This may be a rant...
I am a working mom and my husband has been SAHD. He has been pursuing an academic career and currently in the middle of completing his PhD. He had a fixed contract with his university and it ended. Since then he has been SAHD for 1 year and 8 months. Although he is unemployed, he still needs to work on papers and thesis while not being paid anymore(!).
Please let me mention that he also suffers from chronic illness such as serious migraines and headaches every 2-3 days (sometimes it lasts for 5 days etc), diabetes, and undiagnosed EDS). His migraines medicine hasn't been working so far and he has been trying many different types of medications under his doctor's instructions.
Our daughter is now 2 years and 7 months old. She goes to preschool for a half day twice a week. Any other days during the day, my husband takes care of her.
Our daily schedule when I WFH is as below and my husband tells me that I shouldn't be exhausted in the evening because I'm just working and I'm not taking care of a toddler. He means that working is nothing compared to what he does.
| Time | Me | Husband |
|---|---|---|
| - 8:30 | Take care of her including cleaning up/tyding up | Free time |
| 8:30 - 12:00 | Get ready to WFH until 9:00 and start to work | Take care of her |
| 12:00 - 13:00 | Go grocery shopping with her and cook lunch, or simply cook lunch, and eat all together. | Do the left together or stay home for free time |
| 13:00 - 17:00 | Work | Take care of her. (Up to 1-3 hours of free time while she naps) |
| 17:00 - 19:00 | Go grocery shopping with her and cook dinner, or simply cook dinner while watching her. | Free time or go grocery shopping together and cook but asks constant help from his wife every few minutes |
| 19:00 - 20:00 | Eat dinner all together + Take care of her after that. | Eat dinner and leave after he's done to take a break. |
| 20:00 - 21:00 | Shower her, dress her, and do a night routine (brushing teeth and reading a book) | Free time until the routine is done. Then come to her bed and tell her goodnight. |
| 21:00 - | Cleans up a bit if there's still some energy left | Free time |
I earn 1.6 times more than an average income and therefore it requires a lot of focus while working. Also a small mistake can lead a serious issue and my work can be very time sensitive so it's quite stressful as well.
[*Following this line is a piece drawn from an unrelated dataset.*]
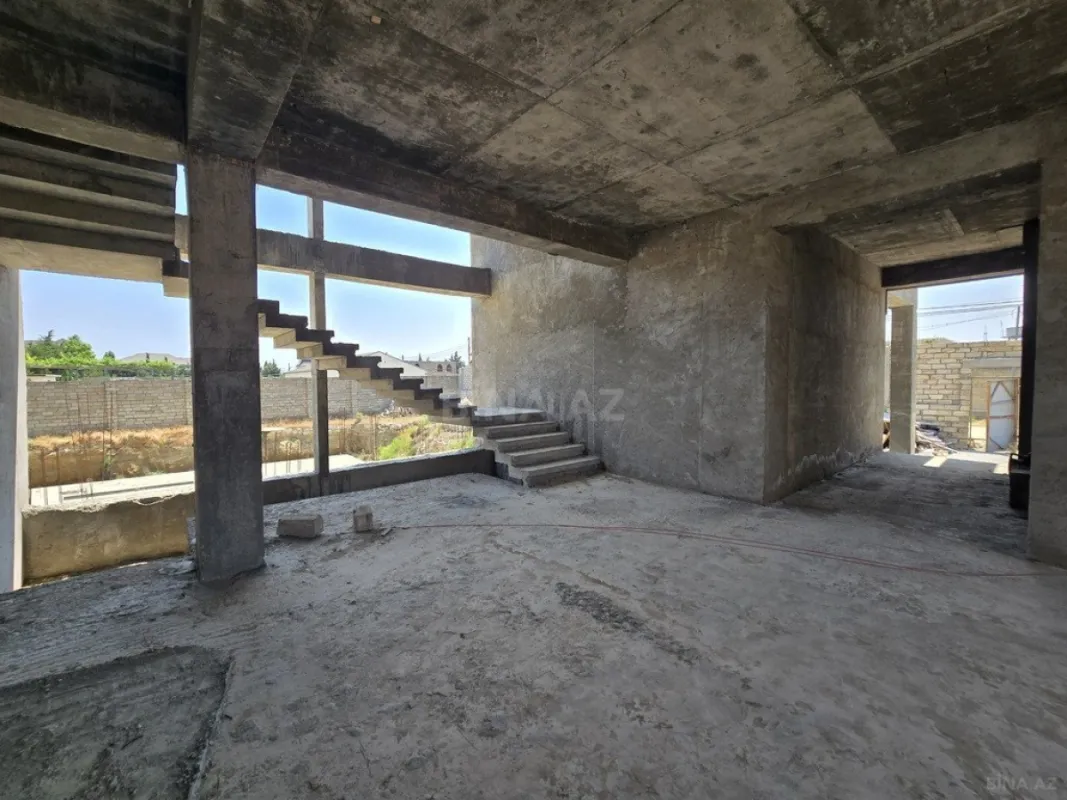 Satılır 8 otaqlı həyət evi 1100 m²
I personally think I do quite a lot of house chores. During weekends, I am the main caregiver so my husband has a few hours of free time to do whatever he wants while I don't have any of that time on both weekdays (maybe 40 min of train ride in total for commuting can be a "quiet" time) and weekends.
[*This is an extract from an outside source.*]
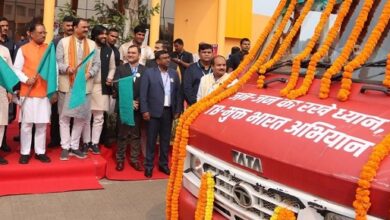 CM flagged off the mobile medical unit and promotional vehicle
What he tells me is that the amount I do is normal and it's nothing compared to what he deals with during the day, so I shouldn't be exhausted from just working.
That makes me wonder - how do you guys split chores and childcare on weekdays and weekends? Do I really do nothing as a working parent and I don't deserve to be exhausted in the evening!? I am in the early 30s and am really tired every day... He wants to watch TV with me etc but recently I falls asleep at 21:00 and he's not happy about it...
I'd be very happy if you could share how much your working partner gets involved in chores and childcare on weekdays and weekends and what you think about it. Thank you!!!